The news of this purported arrangement–which has not been announced officially but was confirmed by Princess Diana’s well-connected biographer, Andrew Morton–capped a week that, for the beleaguered House of Windsor, combined the worst aspects of the abdication of Edward VIII and the blitz. It began with an account of an “intimate phone call” reportedly between Prince Charles and Parker Bowles, a tape of which had fallen into the hands of the Daily Mirror. Although the paper, exercising restraint rare for a British tabloid, held back an actual transcript, it implied that the contents were even more intimate than the notorious tape which revealed that Diana had a friend who called her “Squidgy.” A few days later, all London was talking about a report that Charles was considering a kind of preabdication, removing himself from the line of succession to pursue his other interests, such as brooding and canoodling.
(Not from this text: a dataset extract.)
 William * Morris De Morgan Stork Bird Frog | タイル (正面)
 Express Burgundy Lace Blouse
At the end of the week a large fire, believed to be accidental, broke out at the queens favorite weekend house, Windsor Castle. Parts of the centuries-old structure burned for a day, and estimates of the damage ranged into the tens of millions of dollars, although workers rescued most of the vast collection of art and furnishings.
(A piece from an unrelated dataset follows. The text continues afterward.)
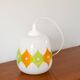 Suspension globe en opaline, à motifs psyché, blanc, vert et orange, 1970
And things could yet get worse; the modus vivendi between Charles and Diana is tenuous and subject to the stress of their apparent mutual loathing. To maintain even the legal pretense of a marriage they will have to be together for occasions of state, but on their joint trip to South Korea earlier this month “The Glums” (as reporters dubbed them) couldn’t even bear to look each other in the eye. Morton, who has just published an updated paperback version of his best seller “Diana, Her True Story,” reports that over the summer the princess had resolved to leave Charles and asked the queen and Prince Philip to approve a legal separation. They asked her to wait for three months, but instead of a reconciliation, Morton asserts, a new battle was touched off when Philip accused Diana of betraying the royal family. Diana responded-through her lawyer. Then came leaks from Charles’s side implying that Diana was a victim of “stress”–part of what Morton claims was a “smear campaign” aimed at impugning her mental stability.
Negotiations began this autumn, presided over by the queen and Philip. The Windsors and Diana haggled extensively over the terms of the separation, Morton says, although in the end all they did was ratify an existing reality. “It is an informal arrangement,” he says. “There is no need for a formal announcement … It remains a volatile and highly uncertain situation.”
The stress of these events affected both Charles and Diana, although in different ways. Charles appeared, if anything, even more glum and withdrawn than usual, particularly after the story broke about his alleged indiscreet murmurings to Parker Bowles, recorded sometime in 1989. (By whom remains a mystery; the paper didn’t say, but Charles’s biographer Anthony Holden suspects that it may have been a member of the prince’s security detail.) In truth, though, the tape–at least as much of it as was published–did not add much to what was already common knowledge. Gossips had long linked the 44-year-old prince with Camilla, 45, the wife of Charles’s friend Brigadier Andrew Parker Bowles. Perhaps, knowing what else might be on the tape–there were reports that actual body parts were mentioned-he feared future revelations. Or maybe he was just depressed, as who wouldn’t be, by the banality of what was published (“I adore you … your great achievement is to love me”).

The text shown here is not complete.